BEGIN

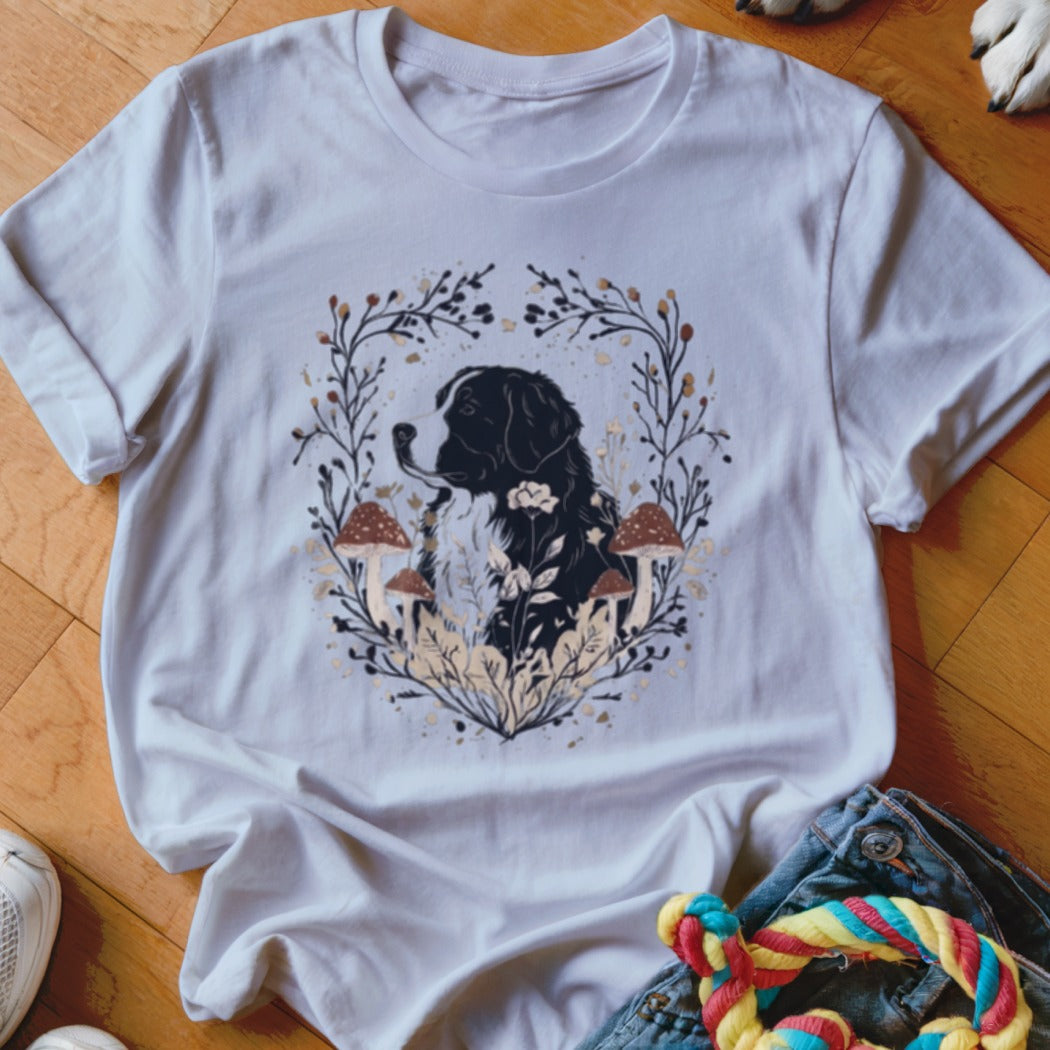 A white short-sleeved t-shirt featuring a graphic of a Bernese Mountain Dog surrounded by mushrooms and branches.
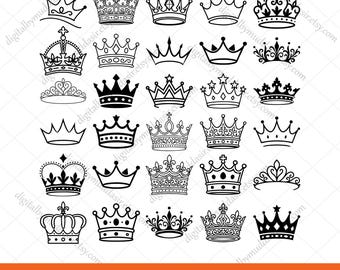 May include: A collection of black and white crown illustrations in various designs. The crowns range from simple outlines to ornate, detailed styles, suitable for royalty-themed projects. The image includes the text "SVG-PNG-JPG-AI-EPS-DXF".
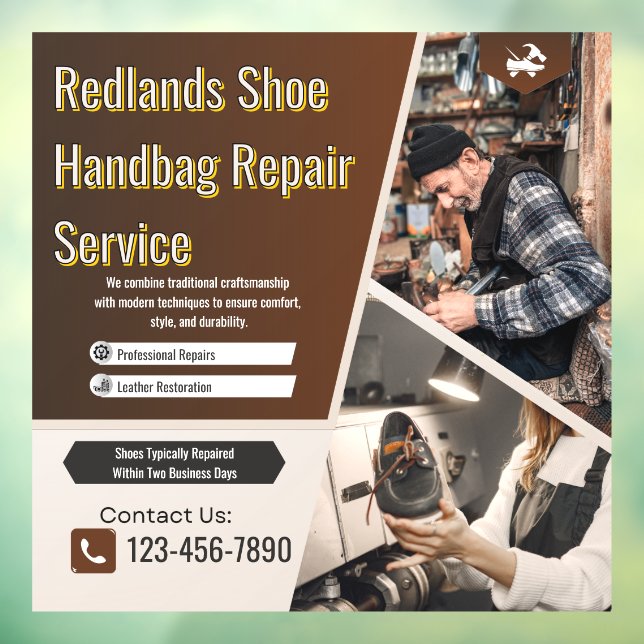 Customize Shoe Handbag Repair Shop Promotional Window Cling (Sheet 3)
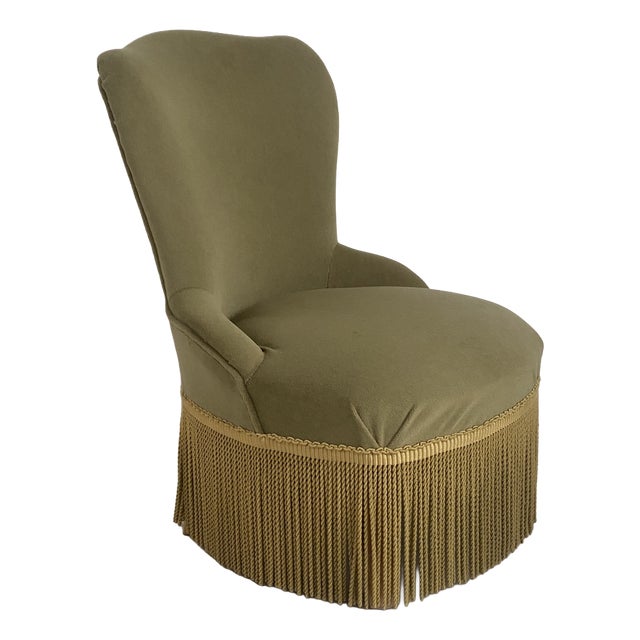 Small Toadstool Lounge Chair in Green Velvet, 1950s For Sale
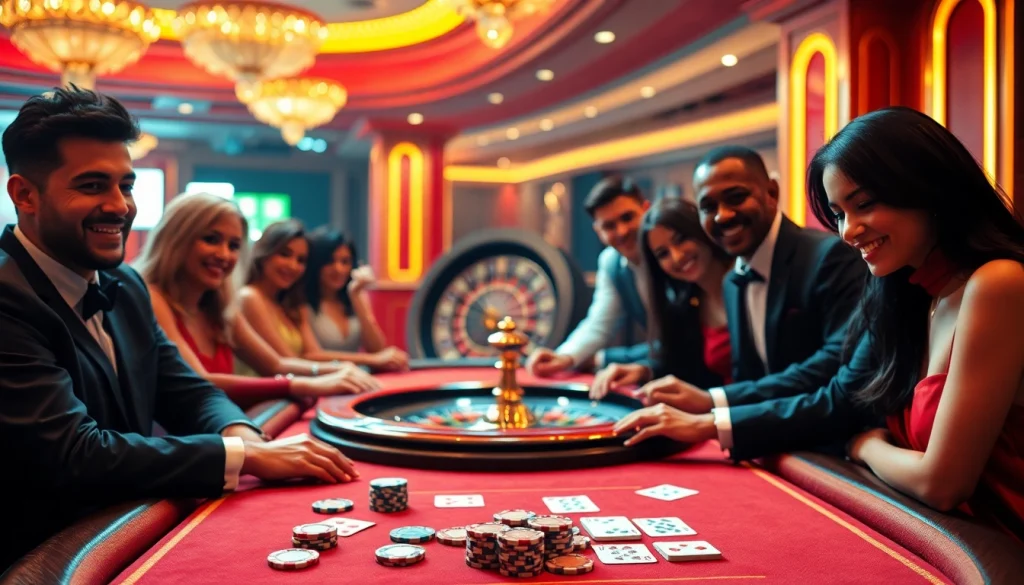 FB88 poker table with players enjoying a thrilling casino experience.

END

Directions for this task:
Return the full listing above exactly as written, and omit the pictures.

Solved exercise:
 A white short-sleeved t-shirt featuring a graphic of a Bernese Mountain Dog surrounded by mushrooms and branches.
 May include: A collection of black and white crown illustrations in various designs. The crowns range from simple outlines to ornate, detailed styles, suitable for royalty-themed projects. The image includes the text "SVG-PNG-JPG-AI-EPS-DXF".
 Customize Shoe Handbag Repair Shop Promotional Window Cling (Sheet 3)
 Small Toadstool Lounge Chair in Green Velvet, 1950s For Sale
 FB88 poker table with players enjoying a thrilling casino experience.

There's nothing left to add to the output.